» **WHAT YOU WILL DO**
Only the lines below from the one containing "Hasi - süße" through the last line should be set down, exactly as written and with no pictures.

(Data items)
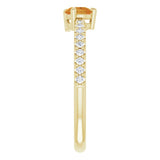 14K Gold Pear Natural Citrine & Natural Diamond Stackable Accented Ring - Yellow Gold - view 4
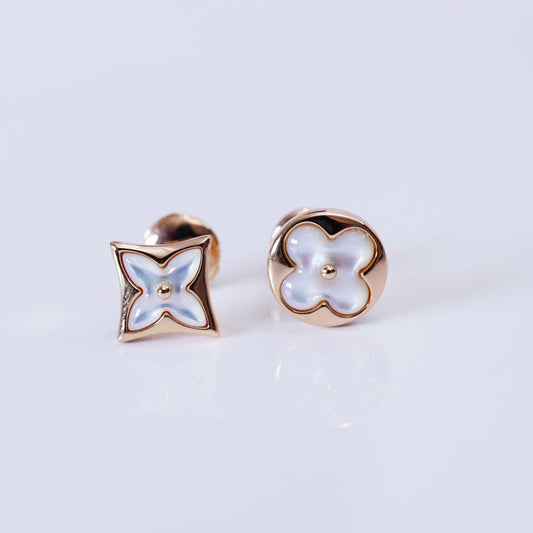 [Clover Jewels]STAR AND SUN PINK GOLD MOP STUD EARRINGS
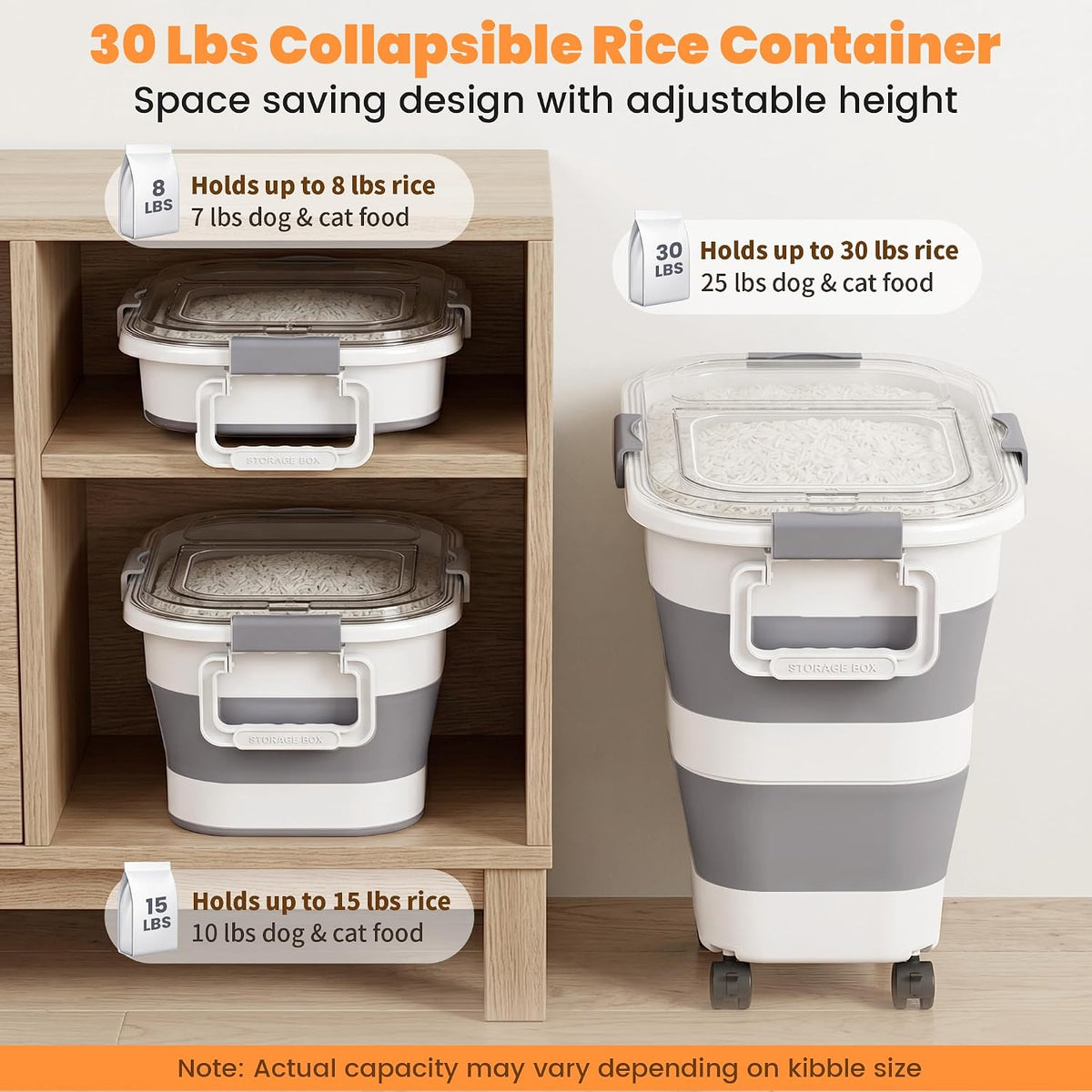 30 Lbs Rice Container, Collapsible Dog Food Storage Container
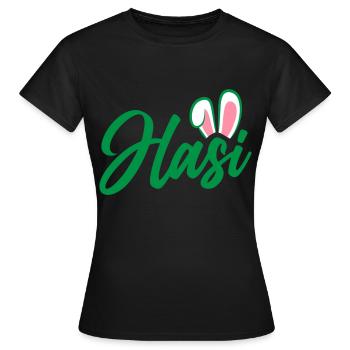 Hasi - süße Häschenohren | Farben änderbar - Frauen T-Shirt - Schwarz - Vorne - AI Model Female 172 dark (172cm)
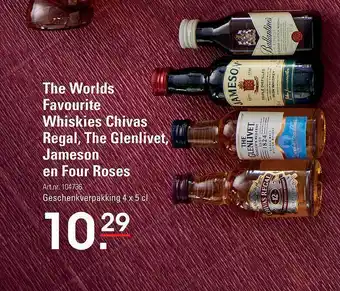 De Kweker The Worlds Favourite Whiskies Chivas Regal, The Glenlivet Jameson En Four Roses Geschenkverpakking aanbieding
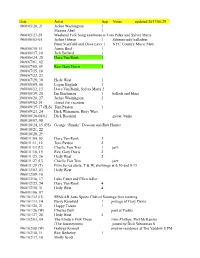 Date Artist App Notes Updated 2017/06/29 1960/05/20, 21 Jackie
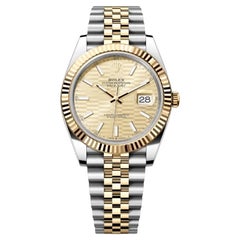 Rolex Datejust 18K Yellow Gold Steel Champagne Motif Dial Automatic Watch 126333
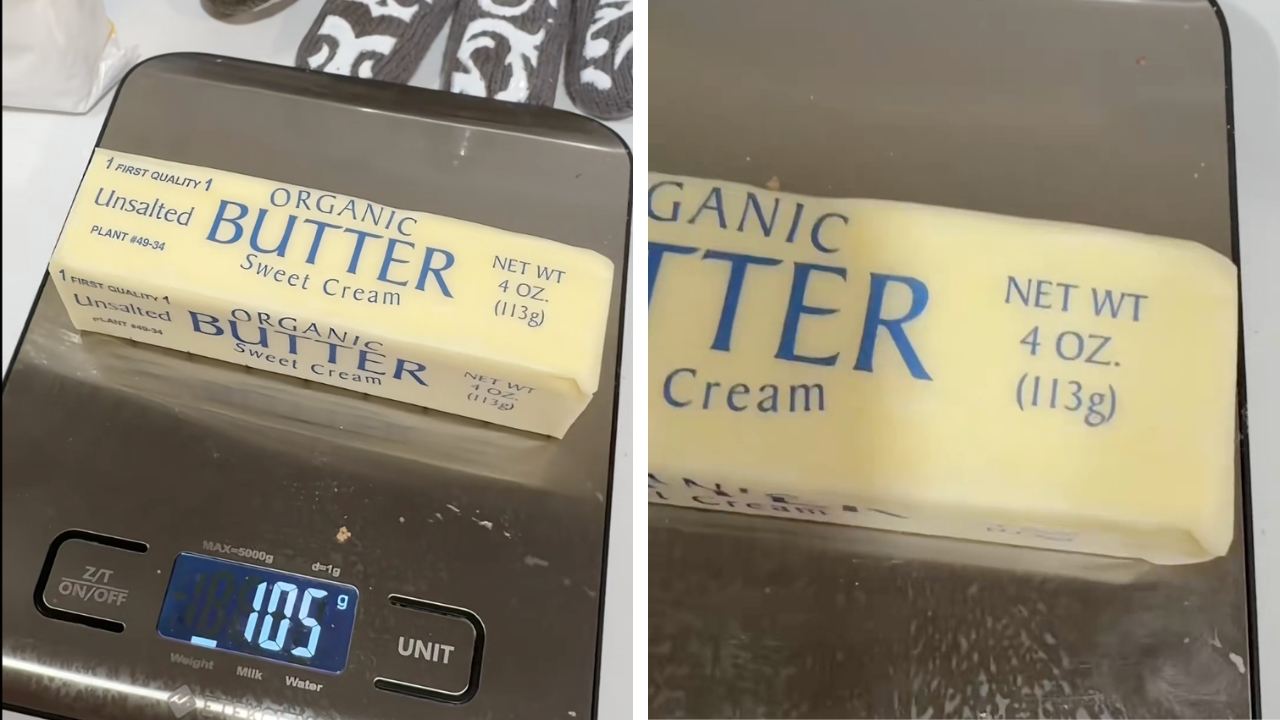 Woman fumes after organic butter weighed differently on scale.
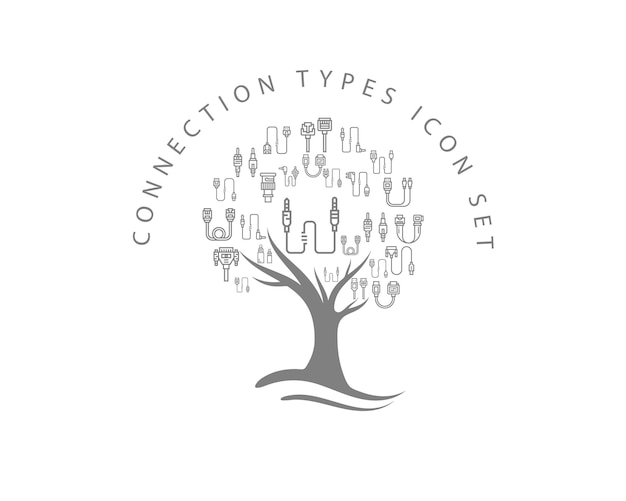 Connection types icon set design Premium Vector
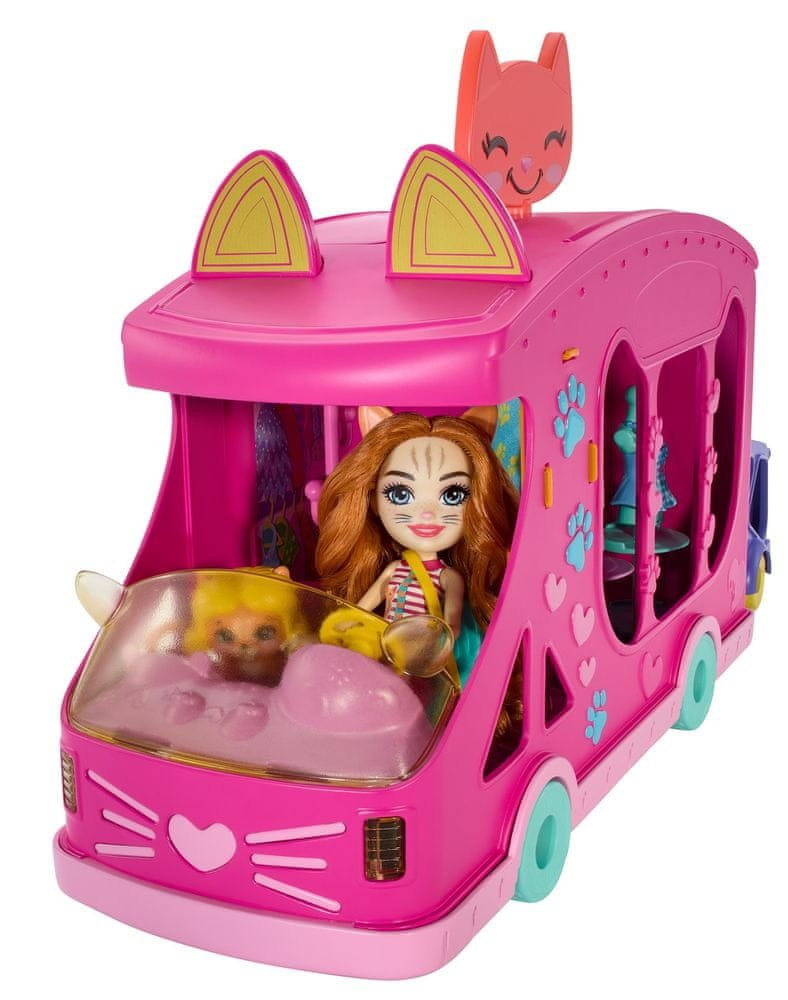 Mattel Enchantimals Kočičí módní obchod na kolech herní set HPB34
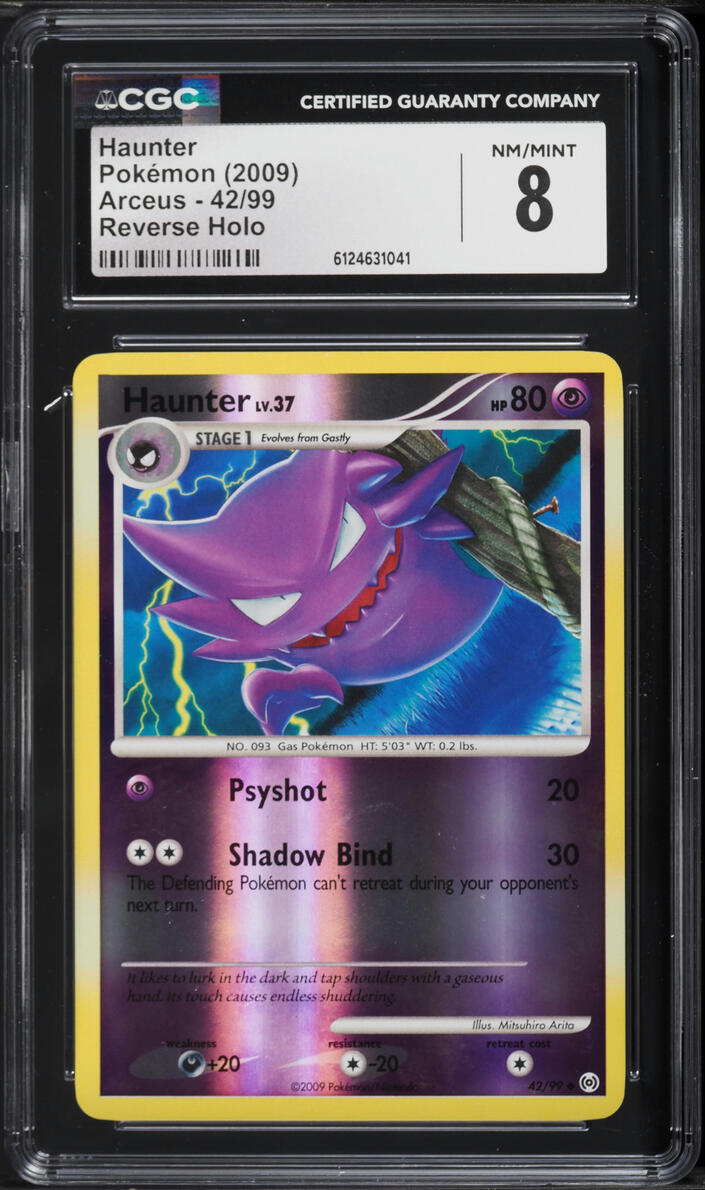 2009 Pokemon Platinum Arceus Reverse Holo Haunter #42 CGC 8 NM-MT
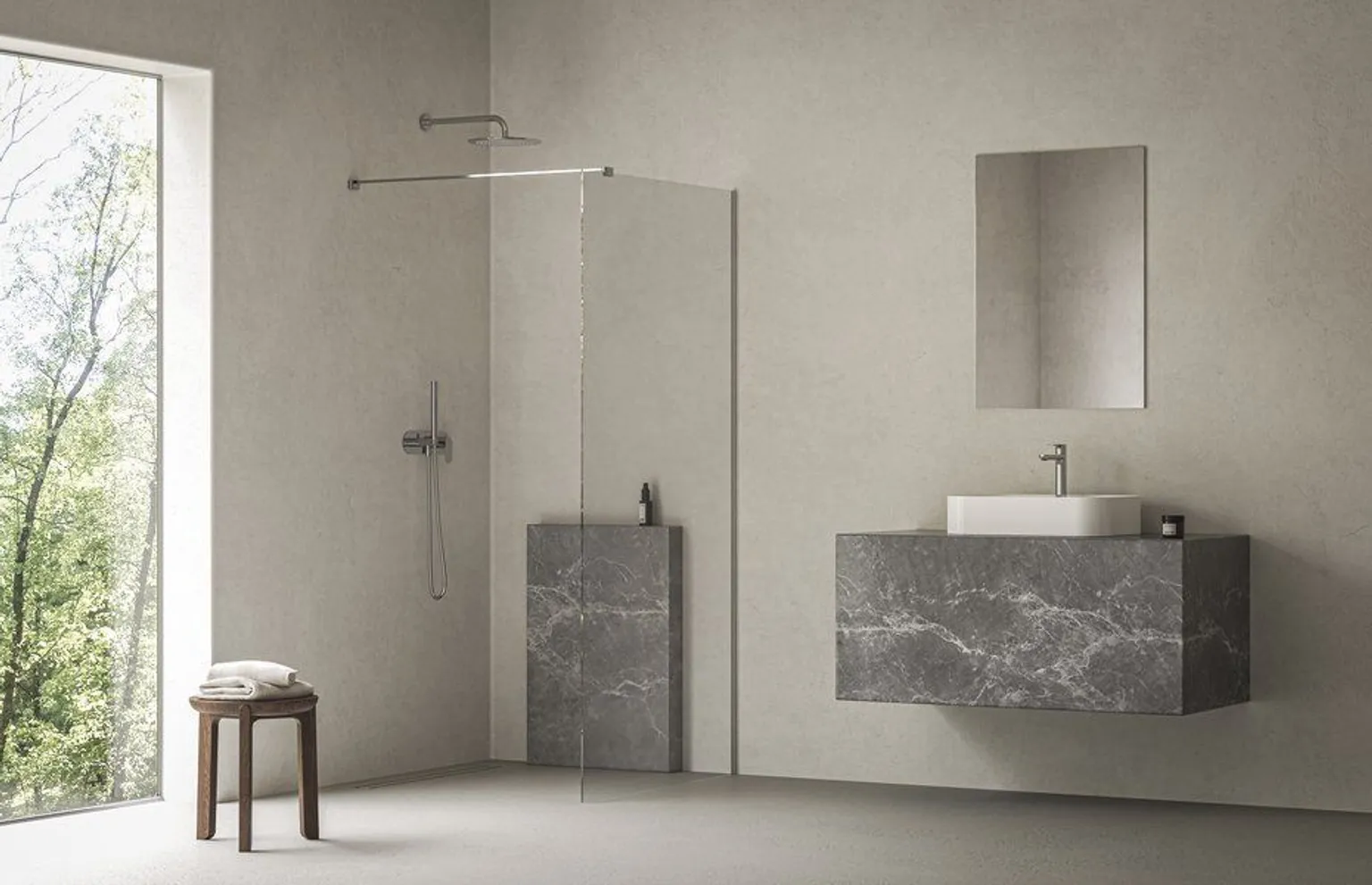 DUŠISEIN RAVAK WALK IN WALL AIR-90, 90X200CM ALUMIINIUM + W-SET
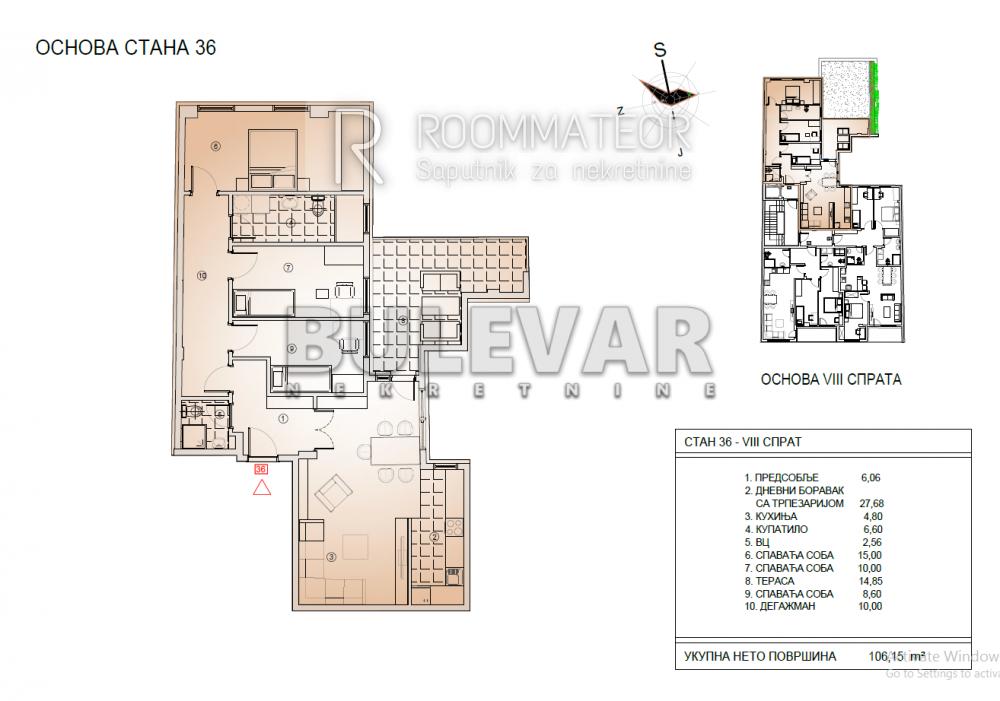 Slika 2 - Cara Dušana, Četvorosoban stan na prodaju, 106m2, 233.530€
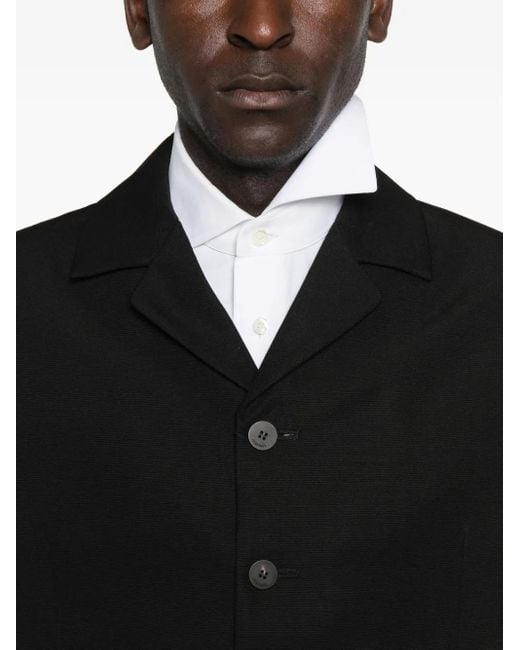 Jacquemus Black Buttoned Collarless Blazer for men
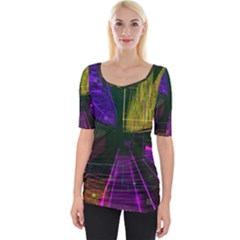 Data City Large Fiction Digital Wide Neckline Tee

» **RESPONSE BOX**
 Hasi - süße Häschenohren | Farben änderbar - Frauen T-Shirt - Schwarz - Vorne - AI Model Female 172 dark (172cm)
 De Kweker The Worlds Favourite Whiskies Chivas Regal, The Glenlivet Jameson En Four Roses Geschenkverpakking aanbieding
 Date Artist App Notes Updated 2017/06/29 1960/05/20, 21 Jackie
 Rolex Datejust 18K Yellow Gold Steel Champagne Motif Dial Automatic Watch 126333
 Woman fumes after organic butter weighed differently on scale.
 Connection types icon set design Premium Vector
 Mattel Enchantimals Kočičí módní obchod na kolech herní set HPB34
 2009 Pokemon Platinum Arceus Reverse Holo Haunter #42 CGC 8 NM-MT
 DUŠISEIN RAVAK WALK IN WALL AIR-90, 90X200CM ALUMIINIUM + W-SET
 Slika 2 - Cara Dušana, Četvorosoban stan na prodaju, 106m2, 233.530€
 Jacquemus Black Buttoned Collarless Blazer for men
 Data City Large Fiction Digital Wide Neckline Tee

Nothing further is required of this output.